_Your task_: Give back the lines below exactly, but do not include any pictures.

_Recorded information_:
::::::::

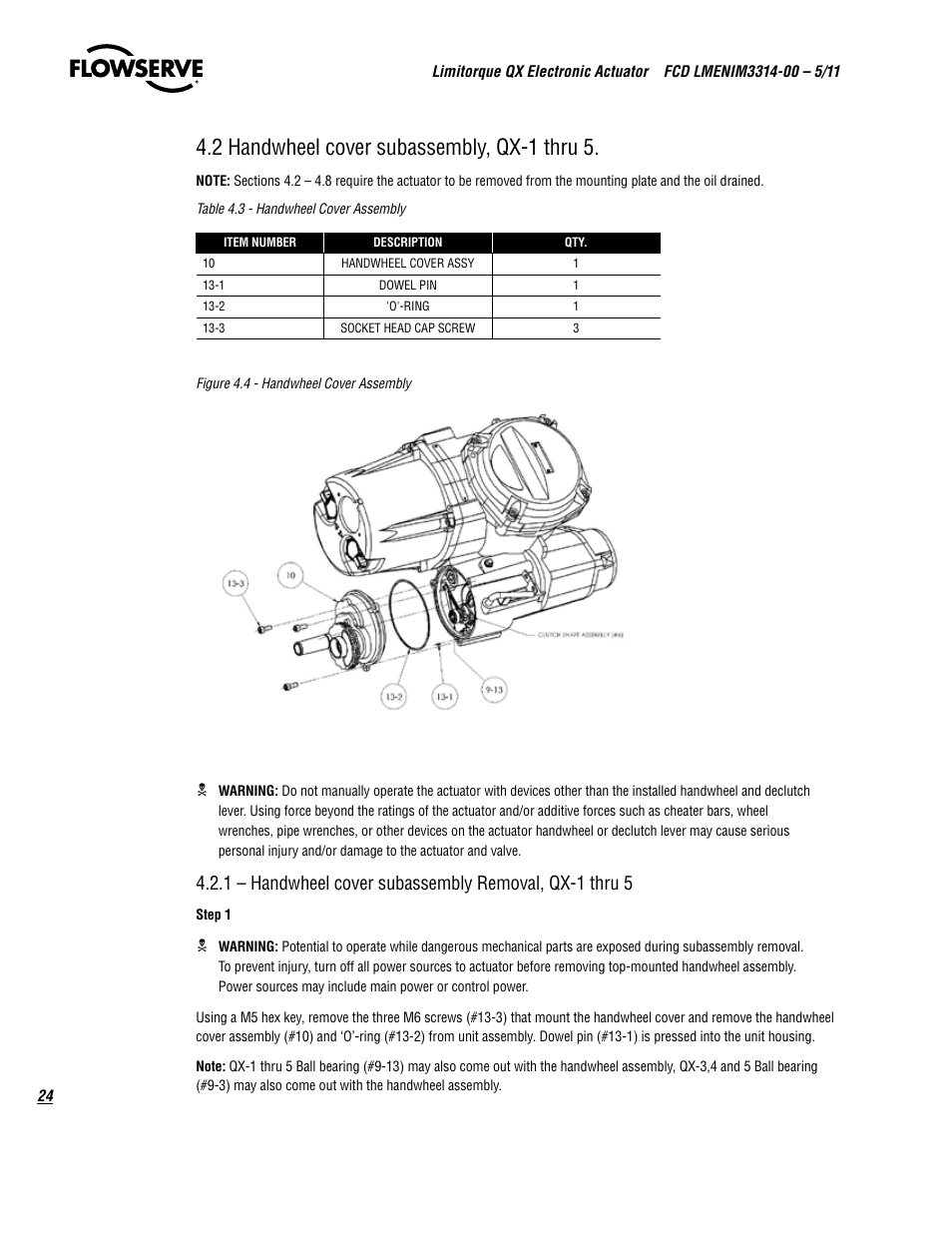 2 handwheel cover subassembly, qx-1 thru 5 | Flowserve QX
 Limitorque User Manual | Page 24 / 82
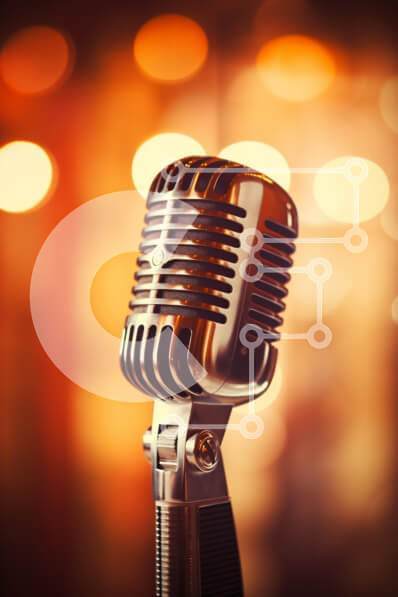 Intra Συλλεκτικό Ξύλινο Παζλ Plywood  4mm - Vintage μικρόφωνο με ζεστά φώτα φόντου Σε Ξύλινο Κουτί - Διαστάσεις Puzzle: 10x10 cm – 25 κομμάτια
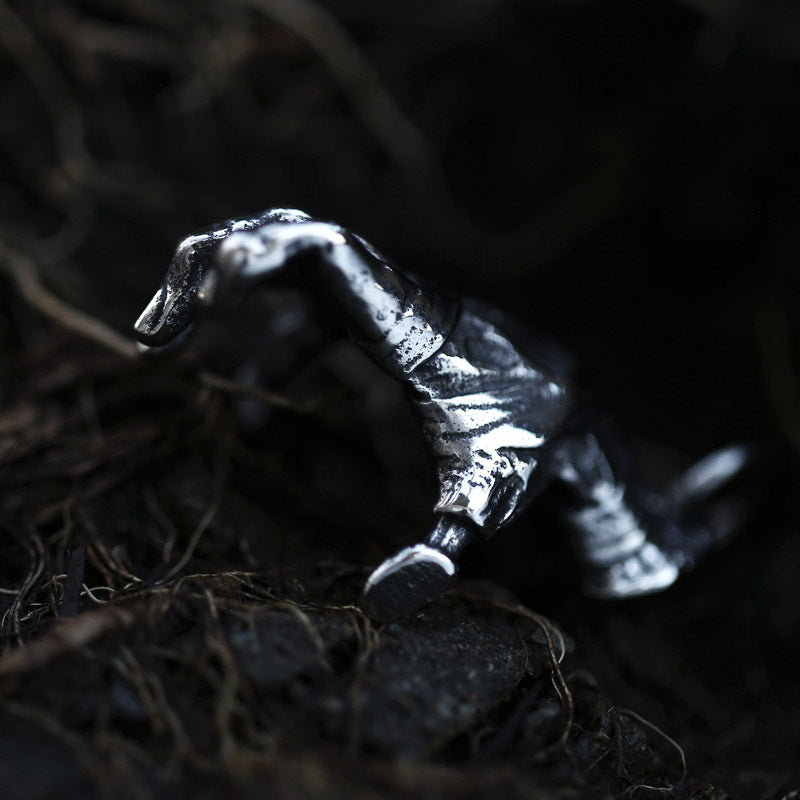 Retro Punk Devil's Hand Titanium Steel Pendant - Skull Palm Stainless Steel Accessories for Men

::::::::

_Your solution_:
 2 handwheel cover subassembly, qx-1 thru 5 | Flowserve QX
 Limitorque User Manual | Page 24 / 82
 Intra Συλλεκτικό Ξύλινο Παζλ Plywood  4mm - Vintage μικρόφωνο με ζεστά φώτα φόντου Σε Ξύλινο Κουτί - Διαστάσεις Puzzle: 10x10 cm – 25 κομμάτια
 Retro Punk Devil's Hand Titanium Steel Pendant - Skull Palm Stainless Steel Accessories for Men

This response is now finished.